3-Les vertus de saint Paul de la Croix
liées à sa spiritualité
3-1-Tout d'abord,
les deux principales vertus
La Passion du
Christ a été causée par l'orgueil des hommes, d'où la nécessité de
l'humilité. Dieu veut l'amour: Amour de Dieu et amour des hommes,
d'où la mansuétude, la charité.
3-1-1-L'humilité
et la spiritualité du désert
Un jour, Paul de
la Croix "priait son Jésus de le rendre humble au plus haut
degré. Jésus lui dit, dans son cœur: 'Quand tu te jettes en esprit
sous les pieds de toutes les créatures, et jusque sous les pieds des
démons, voilà ce qui me plaît le plus.'
La profonde
humilité de Paul de la Croix nous semble souvent exagérée. En effet,
il estime "qu’il n’est qu’un abîme de misères , qu'il se tient en
désolation et iniquité dans les ténèbres et dans l’horreur de ses
misères, sous des eaux profondes, amères et en furie..." Il se
croit "dans l’indignation de Dieu"… Cependant, il dira qu'il
était curieusement content intérieurement.

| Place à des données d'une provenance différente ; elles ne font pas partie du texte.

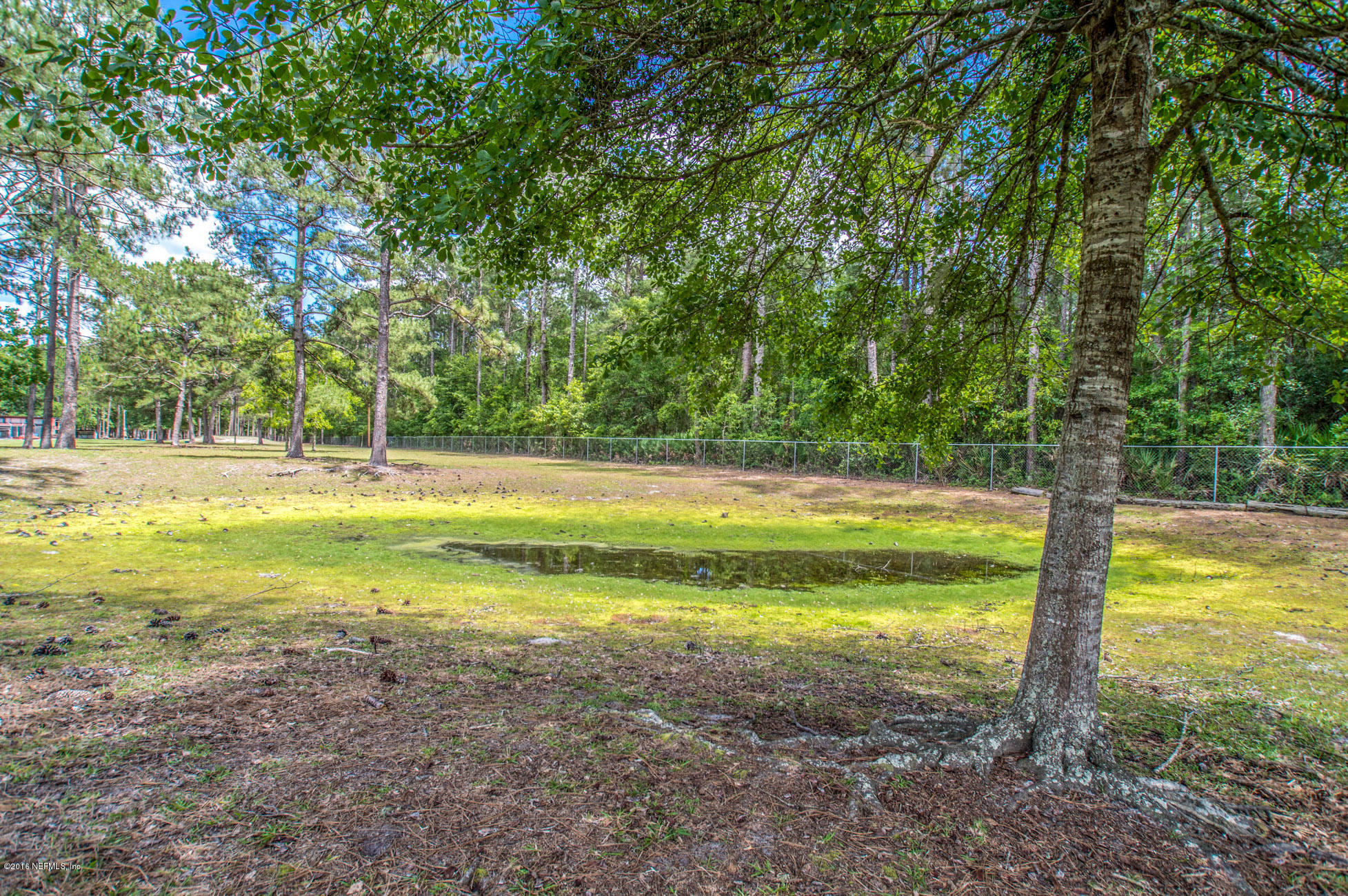 1805 Nolan Road Middleburg, FL 32068 - Photo 47 of 55 Pond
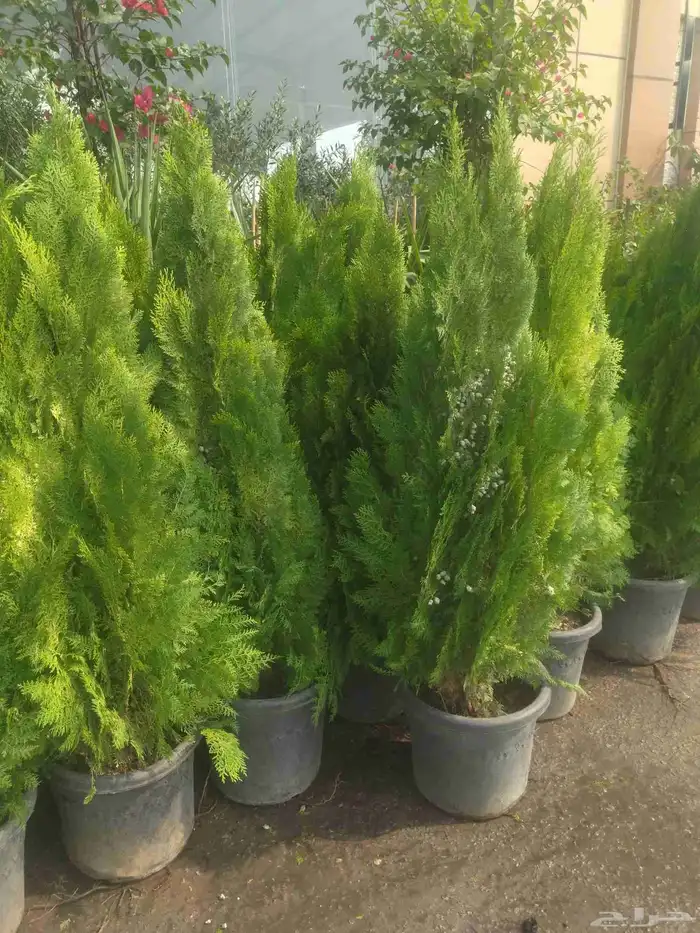 مشاتل الدمام طريق الجبيل 6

Il écrit:
"Il m’est difficile de m’expliquer
davantage, parce que cela est délicat à comprendre pour qui ne
l’éprouve pas."
Il faut se
souvenir que Paul est un grand mystique, séduit par le Seigneur et
enseigné par ce Maître intérieur. Paul n'a de cesse de contempler et
de méditer la Passion de Jésus. Or, c'est à cause de nos péchés, les
péchés de tous les hommes, donc de lui aussi, Paul de la Croix, que
Jésus a souffert et est mort sur la Croix. Paul de la Croix qui se
considère comme un des plus grands pécheurs au monde, ne peut que
s'humilier profondément devant Jésus étendu sur la Croix. Cependant,
la consolation de Paul "est
un certain contentement que soit faite la volonté très sainte de
notre cher Dieu."
Parfois Paul
s'expliquera. Dans une lettre du 3 septembre 1735, adressée à une
religieuse,
il déclare: "Les choses de
Dieu et ses dons causent une grande connaissance de cette infinie
Majesté et une grande connaissance de notre propre néant, au point
que l'âme s'abaisserait jusque sous les pieds (si l'on peut dire)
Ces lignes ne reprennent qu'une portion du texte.